- Born: Helen Roberta Speller 24 October 1935 Buffalo, New York
- Died: 24 April 1995 (aged 59) Cedars Sinai Hospital, Los Angeles, California
- Education: North Texas State University
- Years active: 1968–1995
- Label: Holly's Harp
- Spouse: James "Jim" Harp ​ ​(m. 1965; div. 1981)​
- Partner: Mark Buckman
- Children: 1
- Awards: Distinguished Alumnus from University of North Texas (1979)

= Holly Harp =

American fashion designer (1939–1995)

Helen Roberta Speller (also known as Holly Harp) (24 October 1939 – 24 April 1995) was an American fashion designer based in Los Angeles known for her nostalgic designs and style reminiscent of the hippie era.

==Life==
Born as Helen Roberta Speller on October 24, 1939 in Buffalo, New York, Holly Harp studied art and costume design at North Texas State University, where she met her husband, James "Jim" Harp, whom she married in 1965 and would later divorce in 1981. The Harps stayed in business together, with Jim serving as sales director starting in 1986. Harp attended night classes to learn pattern making. They had a son, Thomas "Tommy/Tom" Harp. Harp died of ovarian cancer on April 24, 1995 at the Cedars Sinai Hospital in Los Angeles. She also had breast cancer. Her mother predeceased her, dying when Harp was nine years old. Harp was survived by her ex-husband, son, fiancé, and siblings: sisters Elizabeth Horn and Sarah Bozzola, and brother Thomas Speller Jr.

==Work==
Harp's work consisted of materials including nylon, silk, rayon, jersey, and chiffon. The style of her work ranged from a hippie, psychedelic style to a romantic, fantasy inspired style. She began work upcycling fabrics and thrifting to make ready-made clothes and doing custom orders. She designed evening wear, and prized theatrics as well as the happiness and confidence of her clients. She considered herself to work with nostalgia, and Harp's fiancé at the time of her death, Mark Buckman, said that she had described her work as "counterculturalist". Geraldine Stutz is credited with introducing Harp to a wider audience as the president of Henri Bendel.

In 1968, Harp opened "Holly's Harp", a boutique on the Sunset Strip. Her work was sold on both coasts, from her store in Los Angeles to stores on Fifth Avenue, such as the stores Henri Bendel, Bergdorf Goodman, and Neiman Marcus. After her collection's appearance at Henri Bendel in 1972, she began manufacturing herself. In 1973, Harp filed for a patent under the name "Holly's Harp and Design" under "Holly's Harp Inc". Harp was one of the designers who took over the work from designer Anne Klein after her death in 1974. In 1978, clothes from her factory were shipped to ninety stores. In 1986, her designs at Henri Bendel sold for $650 to $1,350. The boutique Holly's Harp closed in 1986, though she continued to work at her studio in Culver City until her death in 1995. After her diagnosis of breast cancer, Harp claimed her assistant Amy Michelson as the designer to continue her line. In 1994, Harp's jacket with two shirts retailed for $3,185. The firm "Holly's Harp" was inherited by her son and continued operations, including the creation of a new clothing line titled "HH by Amy Michelson” and a bridal line “Amy Michelson Wedding“ as well as the “Amy Michelson for Holly Harp” collection, until closing in 1999 at a stable volume of business of roughly $2.5 million.

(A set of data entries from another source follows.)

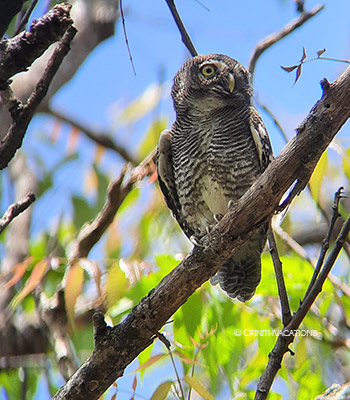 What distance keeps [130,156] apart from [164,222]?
1653 mm

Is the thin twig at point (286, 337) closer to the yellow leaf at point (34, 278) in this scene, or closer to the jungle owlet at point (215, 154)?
the jungle owlet at point (215, 154)

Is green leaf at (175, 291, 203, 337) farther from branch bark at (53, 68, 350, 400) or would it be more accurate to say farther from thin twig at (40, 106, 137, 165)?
thin twig at (40, 106, 137, 165)

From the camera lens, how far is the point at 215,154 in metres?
3.48

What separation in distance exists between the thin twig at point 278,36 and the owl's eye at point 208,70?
25 cm

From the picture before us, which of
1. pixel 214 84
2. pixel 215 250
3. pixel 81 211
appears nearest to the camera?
pixel 215 250

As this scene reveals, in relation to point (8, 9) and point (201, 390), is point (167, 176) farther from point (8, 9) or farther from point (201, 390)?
point (8, 9)

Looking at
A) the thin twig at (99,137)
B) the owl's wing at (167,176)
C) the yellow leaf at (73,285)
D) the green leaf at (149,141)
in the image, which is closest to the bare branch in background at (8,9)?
the yellow leaf at (73,285)

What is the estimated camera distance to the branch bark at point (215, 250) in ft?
6.91

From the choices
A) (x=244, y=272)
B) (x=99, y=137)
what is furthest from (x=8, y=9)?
(x=99, y=137)

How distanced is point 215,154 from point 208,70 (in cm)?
69

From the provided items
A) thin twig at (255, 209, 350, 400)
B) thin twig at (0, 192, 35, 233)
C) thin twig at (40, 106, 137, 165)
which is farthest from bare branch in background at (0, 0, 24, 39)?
thin twig at (40, 106, 137, 165)

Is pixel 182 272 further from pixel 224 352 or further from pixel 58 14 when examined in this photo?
pixel 58 14

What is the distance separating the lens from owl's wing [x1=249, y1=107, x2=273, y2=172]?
3.37m

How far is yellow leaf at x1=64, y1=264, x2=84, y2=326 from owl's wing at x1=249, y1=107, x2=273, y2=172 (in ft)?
3.88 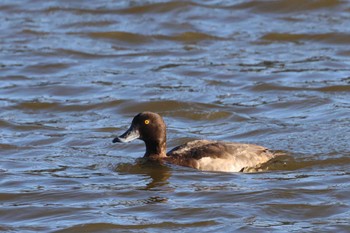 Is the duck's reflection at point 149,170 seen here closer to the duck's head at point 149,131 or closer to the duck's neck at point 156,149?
the duck's neck at point 156,149

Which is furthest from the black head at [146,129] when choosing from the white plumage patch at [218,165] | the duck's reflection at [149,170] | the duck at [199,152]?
the white plumage patch at [218,165]

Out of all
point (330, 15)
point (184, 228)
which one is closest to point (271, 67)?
point (330, 15)

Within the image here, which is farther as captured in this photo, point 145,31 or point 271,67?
point 145,31

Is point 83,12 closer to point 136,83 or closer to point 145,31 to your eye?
point 145,31

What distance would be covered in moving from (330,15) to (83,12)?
210 inches

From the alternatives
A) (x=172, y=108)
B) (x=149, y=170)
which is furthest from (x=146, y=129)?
(x=172, y=108)

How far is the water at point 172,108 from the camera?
1077cm

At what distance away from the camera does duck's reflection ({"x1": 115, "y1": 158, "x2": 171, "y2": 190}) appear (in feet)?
40.3

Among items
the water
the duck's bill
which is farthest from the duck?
the water

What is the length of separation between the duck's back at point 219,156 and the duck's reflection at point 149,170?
6.9 inches

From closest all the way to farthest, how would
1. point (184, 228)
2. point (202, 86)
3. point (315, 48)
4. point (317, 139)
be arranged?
point (184, 228) < point (317, 139) < point (202, 86) < point (315, 48)

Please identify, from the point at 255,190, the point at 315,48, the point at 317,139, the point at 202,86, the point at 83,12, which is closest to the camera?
the point at 255,190

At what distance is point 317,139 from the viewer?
13.9m

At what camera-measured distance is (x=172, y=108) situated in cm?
1591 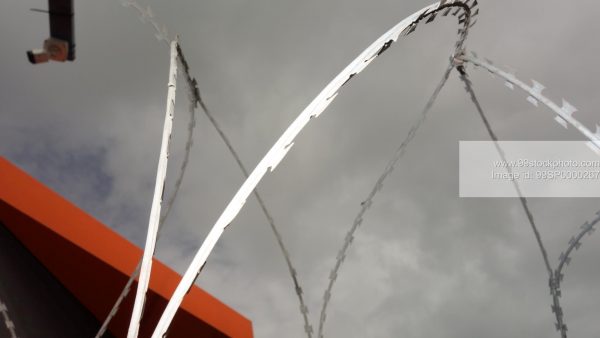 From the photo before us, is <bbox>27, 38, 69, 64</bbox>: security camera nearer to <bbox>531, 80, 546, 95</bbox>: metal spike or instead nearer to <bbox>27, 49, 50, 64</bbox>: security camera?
<bbox>27, 49, 50, 64</bbox>: security camera

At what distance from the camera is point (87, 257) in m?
10.2

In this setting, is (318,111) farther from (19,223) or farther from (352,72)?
(19,223)

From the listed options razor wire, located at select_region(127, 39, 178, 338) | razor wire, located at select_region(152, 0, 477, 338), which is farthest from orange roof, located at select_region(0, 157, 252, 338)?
razor wire, located at select_region(152, 0, 477, 338)

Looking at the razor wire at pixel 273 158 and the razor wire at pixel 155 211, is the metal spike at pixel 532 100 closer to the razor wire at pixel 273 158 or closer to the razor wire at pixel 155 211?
the razor wire at pixel 273 158

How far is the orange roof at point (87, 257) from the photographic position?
979cm

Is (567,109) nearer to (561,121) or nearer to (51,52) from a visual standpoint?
(561,121)

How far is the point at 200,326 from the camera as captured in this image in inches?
465

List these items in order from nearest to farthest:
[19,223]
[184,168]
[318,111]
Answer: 1. [318,111]
2. [184,168]
3. [19,223]

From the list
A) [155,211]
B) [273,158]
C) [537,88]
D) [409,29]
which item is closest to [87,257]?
[155,211]

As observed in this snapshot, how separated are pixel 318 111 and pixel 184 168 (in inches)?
161

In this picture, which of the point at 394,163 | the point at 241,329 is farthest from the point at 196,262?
the point at 241,329

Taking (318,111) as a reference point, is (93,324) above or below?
below

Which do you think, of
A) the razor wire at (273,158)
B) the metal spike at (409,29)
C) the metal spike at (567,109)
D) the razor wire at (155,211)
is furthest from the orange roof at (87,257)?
the metal spike at (567,109)

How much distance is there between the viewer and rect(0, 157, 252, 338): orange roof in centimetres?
979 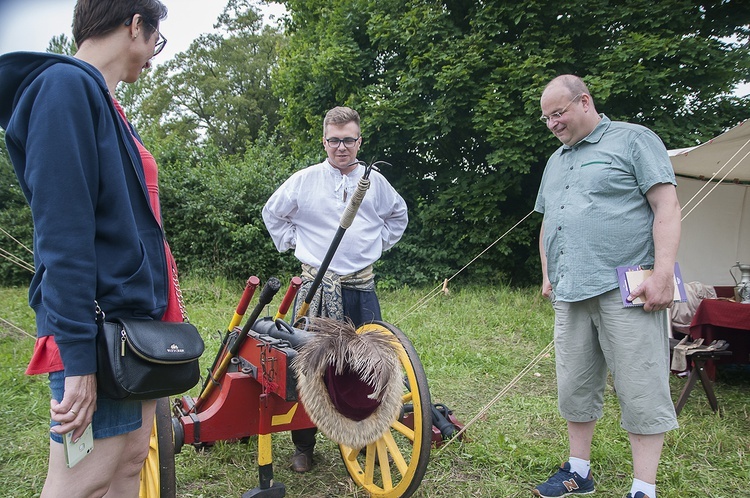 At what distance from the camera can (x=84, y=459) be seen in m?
1.24

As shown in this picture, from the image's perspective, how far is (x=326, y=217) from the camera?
2.68 meters

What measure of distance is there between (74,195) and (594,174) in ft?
6.34

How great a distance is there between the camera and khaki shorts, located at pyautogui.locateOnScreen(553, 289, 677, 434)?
2.15m

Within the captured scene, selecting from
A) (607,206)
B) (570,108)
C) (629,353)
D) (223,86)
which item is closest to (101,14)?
(570,108)

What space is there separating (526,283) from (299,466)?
6803mm

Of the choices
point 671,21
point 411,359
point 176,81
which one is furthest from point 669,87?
point 176,81

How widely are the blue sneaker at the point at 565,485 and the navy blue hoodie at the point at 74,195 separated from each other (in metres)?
1.99

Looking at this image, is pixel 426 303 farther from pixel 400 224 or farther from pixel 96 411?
pixel 96 411

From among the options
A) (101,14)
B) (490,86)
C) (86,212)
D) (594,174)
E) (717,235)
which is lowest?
(717,235)

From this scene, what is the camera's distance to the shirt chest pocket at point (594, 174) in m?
2.22

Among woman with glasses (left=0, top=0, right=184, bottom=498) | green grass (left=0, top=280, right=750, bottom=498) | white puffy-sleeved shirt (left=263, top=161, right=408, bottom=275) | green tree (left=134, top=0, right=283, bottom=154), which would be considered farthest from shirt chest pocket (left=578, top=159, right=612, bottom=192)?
green tree (left=134, top=0, right=283, bottom=154)

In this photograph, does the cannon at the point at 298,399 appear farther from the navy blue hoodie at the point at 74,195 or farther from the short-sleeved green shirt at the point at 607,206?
the short-sleeved green shirt at the point at 607,206

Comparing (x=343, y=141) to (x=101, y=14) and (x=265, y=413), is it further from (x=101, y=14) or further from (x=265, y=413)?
(x=101, y=14)

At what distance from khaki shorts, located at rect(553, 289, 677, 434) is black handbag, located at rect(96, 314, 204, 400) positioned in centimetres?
168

Her work was worn by celebrities such as Janis Joplin, Liza Minnelli, Diana Ross, Grace Slick, Barbra Streisand, and Jane Fonda. She was the stylist for Stevie Nicks, and created her stage persona. She was additionally head costume designer on movies such as Sleeper and The Turning Point, and her work appeared in the movie Cabaret. She was credited as the inspiration for clothes by fashion brands Gucci and Marc Jacobs by Cameron Silver in June 2002.

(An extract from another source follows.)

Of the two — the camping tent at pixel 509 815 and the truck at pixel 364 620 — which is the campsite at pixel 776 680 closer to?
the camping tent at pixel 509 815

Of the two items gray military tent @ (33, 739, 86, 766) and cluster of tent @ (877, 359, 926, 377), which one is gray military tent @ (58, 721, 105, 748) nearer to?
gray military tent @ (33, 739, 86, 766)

Her activity in the Los Angeles community extended to other artists and causes. She designed clothes for Judy Chicago to paint on for International Festival of the Arts in New York, held a fundraiser with Elyse Grinstein to raise money for Chicago's art project "The Dinner Party" in 1990 which Harp had also worked with Chicago on, and donated fabrics to Chicago's projects "Creation of the World". Harp did a show at a luncheon for the Cedars Sinai Hospital, and delivered meals to AIDs patients during protests.

==Awards and collections==
Her work was nominated twice for the Coty Awards, and nominated for an award at the Los Angeles Woman's Building Annual Vesta Awards ceremony in 1990. She won the Distinguished Alumnus award in 1979 from her alma mater, University of North Texas.

Harp's work is stored in collections at the MET, the Fashion Institute of Design & Merchandising Museum, the Oakland Museum of California, the Boston Museum of Fine Arts, the Philadelphia Museum of Art, and Thomas Jefferson University.